Learning not to be a loser
“Shame you’re not the best columnist in Bermuda …” someone informed me recently.
That stung. I didn’t know what they were talking about. It hadn’t occurred to me I was in competition for the Best of Bermuda awards. I love Catherine Burns’s column and fully agree she deserves that title but momentarily, I felt like a ‘loser’. And that smarted.
As a child, I grew too fast for my co-ordination to keep up, so didn’t play sports or compete in much.
I’ve grown up convinced I just don’t have a competitive nature and yet I almost came to blows over a Scrabble game once, and hesitate to enter ‘fun runs’ because I know I won’t win.
I couldn’t watch Euro 2016 even if I wanted to, because I always feel so sorry for the losing teams!
Motherhood opened up a whole new arena of competition. Mums comparing the sleeping, walking and pooping talents of their little geniuses made me cringe, and yet I’d get sucked right on in, feeling like a failure because my child didn’t have teeth yet at age one. Pretending I wasn’t interested was one way to protect me and everyone else from my secretly fierce competitive nature. But perhaps that ferocity was exacerbated because I’d never really learnt how to compete — how best to cope with winning and losing.
I boned up with some parenting articles on teaching children good sportsmanship.
They advised that getting them to focus on their own performance and improving their own skills is a healthy way to approach competition: beating ourselves and getting better at the game is the real win.

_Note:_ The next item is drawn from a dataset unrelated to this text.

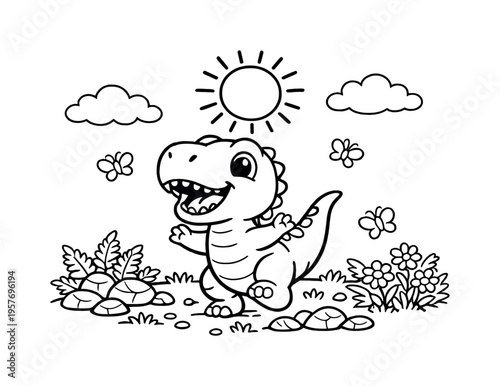 T-rex kid playing happily in a prehistoric meadow with ferns, flowers, and rocks around, tiny butterflies fluttering nearby and a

Highlighting the good plays and the small victories, as much as the areas to improve, can ease the disappointment of losing. Recognising that winning and losing are just temporary states and amount to a small fraction of the time spent in the game itself also helps us find a healthy perspective on it.

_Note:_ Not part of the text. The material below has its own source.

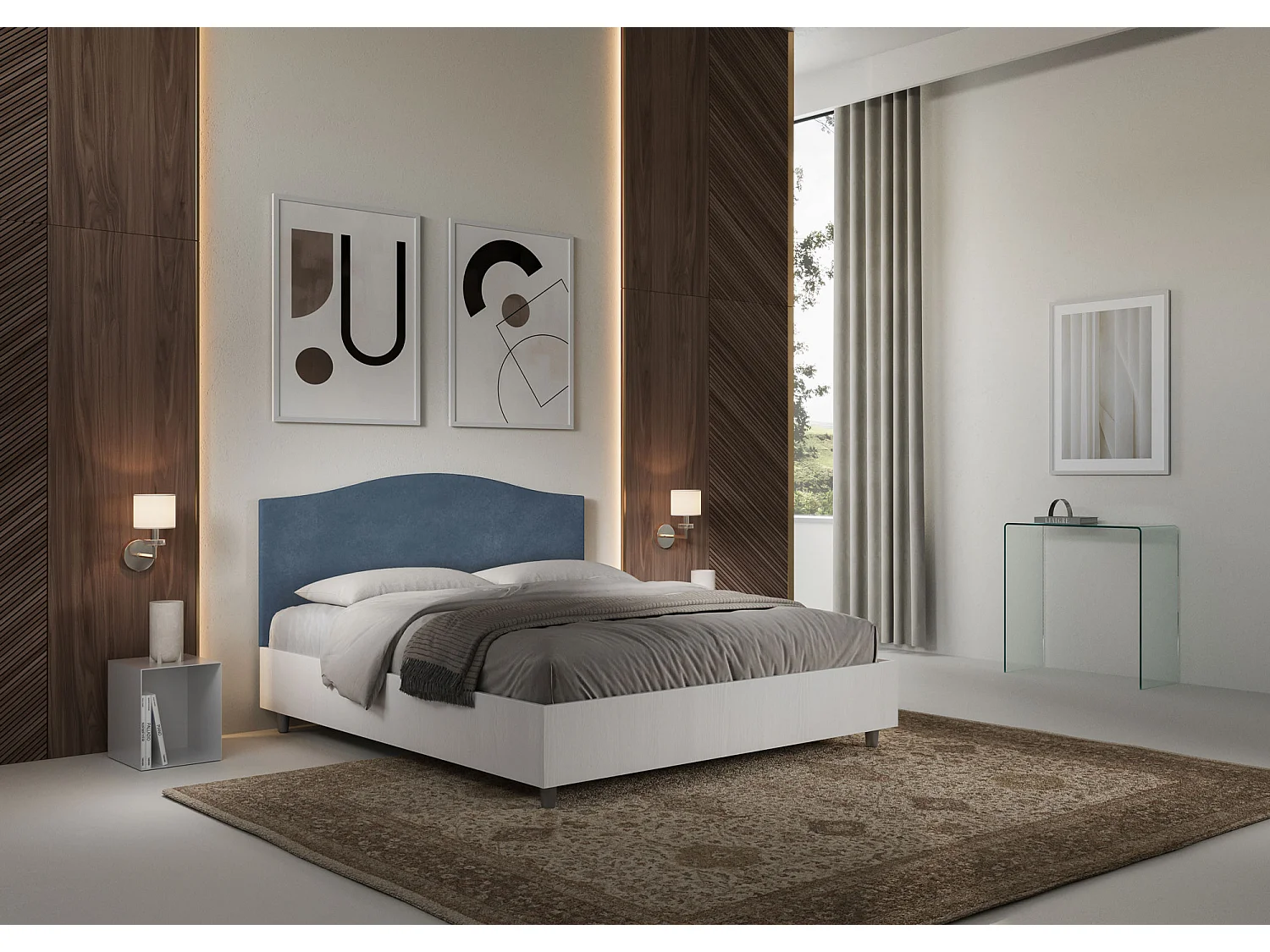 Cama con somier de 160x190, estructura de fresno blanco, cabecero de melamina/microfibra azul Grace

Hearing Tyler Butterfield on the radio the other day, welcoming the competition and the day someone beats him, I sense what real sportsmanship is.
Those professional footballers aren’t crippled by the disappointment of losing.
They know if they’ve played well or not, and celebrate just being in the competition.
Let us be inspired by others’ excellence but not turn it into a comparison between them and us.
In comparing, we only tend to see our shortcomings: all the ways we are not them rather than our personal strengths that make us different.
Winning and losing is not personal. Losing does not make us a ‘loser’, it makes us a competitor; participating and trying to be the best that we personally can be, whatever our game might be.
Congratulations, Catherine! Thank you for the inspiration and your great columns.